The One With a Mini Epiphany

I came across a fantastic website the other day, ‘The Johnny Cash Project’ (JCP). The website allows users to recreate one frame for Cash’s music video ‘Ain’t No Grave’, and then compiles the user submissions into one complete production. The result is brilliant. Check it out for yourself:


To those of you clever enough to open that link in a new window and continue to read this while it’s loading, you get a gold star and my insight.

If I may get deep for a moment, this project is valuable not only for its artistic innovation, but it is actually somewhat symbolic of the internet as a whole. The JCP is a collection of small bits of information, which, by themselves, are quite unique and entertaining. You can think of these single frames as web-pages. And once they are put together, they create a visual array which not only contains value in each frame but combines to create an even more stunning overall product. And that’s kind of like the internet. Websites themselves are useful. But when connected together, in the aptly named World Wide Web, the sites become part of something bigger; they combine to create a product which is comprised of its inherently different but equally valued parts.

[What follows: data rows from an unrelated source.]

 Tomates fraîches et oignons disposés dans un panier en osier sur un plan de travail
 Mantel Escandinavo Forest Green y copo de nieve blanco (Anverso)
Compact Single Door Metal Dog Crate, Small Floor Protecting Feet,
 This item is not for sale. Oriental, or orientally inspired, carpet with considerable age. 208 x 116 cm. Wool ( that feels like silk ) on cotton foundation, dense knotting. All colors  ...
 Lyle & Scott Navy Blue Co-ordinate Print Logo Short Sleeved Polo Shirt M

What really makes the JCP unique is the ability for ordinary users to participate in the creation of the whole. People have a choice to contribute to the overall product, to decide how the final version will look. Similarly, the Web is not a government run initiative, nor does it run solely on the pockets of wealthy businessmen. It’s the sort of place where a pimply undergrad student can create a worldwide network of 550 million users; or a professor and an entrepreneur can begin a project that is gradually documenting the sum of human knowledge (which also sounds like the premise of a good sitcom).

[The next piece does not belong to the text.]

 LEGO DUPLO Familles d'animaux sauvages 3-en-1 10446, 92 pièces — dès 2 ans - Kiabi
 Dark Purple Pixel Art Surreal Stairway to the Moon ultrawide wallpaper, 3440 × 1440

We are not passive users of the internet. Every internet user has the ability to create a part of the World Wide Web. That might be something you hadn’t seriously contemplated before. Every time you upload a photo on Facebook; leave a comment on a newspaper article; publish a blog; edit a Wikipedia article or post in a forum, you are actively adding to the largest collation of human resources the world has ever known. We are not driving on the information superhighway – we are constructing it.